The Seeds
The Seeds’ self-titled first album is surely a landmark of garage rock, and about the best example of 60’s proto-punk you can find. It includes both of their biggest hit singles, the galloping biker classic “Pushin’ Too Hard” which cracked the top 20 in the US, and the ballad “Can’t Seem To Make You Mine” which bubbled under the top 40 but was a big regional hit.
The Seeds were led by one “Sky Saxon”, who not only wrote and sang but also acted as bass player and producer / liner note poetry writer under the pseudonym “Marcus Tybalt.” Jan Savage supplies the rudimentary blues-fuzz guitar, Rick Andridge was the drummer who could play a backbeat “both ways” (slow and fast), and the incredible Daryl Hooper plays the cheesiest one-fingered organ you can imagine. As far as I can tell when they played live they just didn’t bother with a bass ala The Doors, so that Sky would be free to roam the stage (their live album “Merlin’s Musicbox” seems to bear this out — though sometimes there does appear to be a bass it’s also obviously a “fake live” album with screaming girls rising up in the mix at non-spontaneous moments. So I figure Sky just overdubbed the bass parts. There are no musician credits on my version of said live LP, but nor is there a picture of anyone playing the bass.)

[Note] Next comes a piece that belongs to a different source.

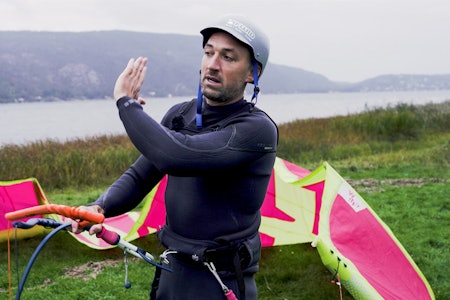 BAKLENGS RULLE: Backroll er antakelig ditt første rotasjonstriks. Karl Oskar Teien viser hvordan det skal gjøres. Foto: Christian Nerdrum Stegene til en vellykket backroll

What really makes “The Seeds” debut album a marvel is the fact that approximately 9 of the 11 songs use almost exactly the same two chord riff as the big hit “Pushin’ Too Hard”! All they do is change the tempo and the lyrics! Only “Can’t Seem To Make You Mine” (which has THREE chords) and the closing blues shuffle “Fallin’ In Love” seem to break the mold. Otherwise “No Escape” is “Pushin’ Too Hard” right down to Hooper playing exactly the same organ solo! “Evil Hoodoo” is the same song with a louder fuzz guitar and played twice as long. “Nobody Spoil My Fun” is the same riff played backwards, “Try To Understand” is that riff again done as a ballad, “It’s A Hard Life” is the bouncy version with bluesy slide guitar, etc.
Lyrically Sky is punk to the bone, obviously heavily under the influence of his hero Mick Jagger during the “Under My Thumb” / “Stupid Girl” period. There are songs about unattainable women (“Can’t Seem To Make You Mine”), and attainable women (“Girl I Want You”) but mostly women who need to just get outta his face (“Pushin’ Too Hard”, “Nobody Spoil My Fun”, “You Can’t Be Trusted”, “Excuse, Excuse”).
So why is it worth a listen? Because this is the ORIGINAL punk rock record. Like the Ramones and others to come, these guys have limited musical imaginations and almost no chops, but that doesn’t stop them from flinging their funky attitude-driven rants in your face. The sound is excellently fuzzy, even the vocals and organ wheeze like they’re going through a fuzzbox. Even the crudities of early Velvet Underground and Stooges records come off like snotty proggish “capital A” Art by comparison to this lovely dreck.
Note: in the late 1980’s GNP/Crescendo re-released “The Seeds” as part of a 2‑fer with their second album “A Web of Sound.”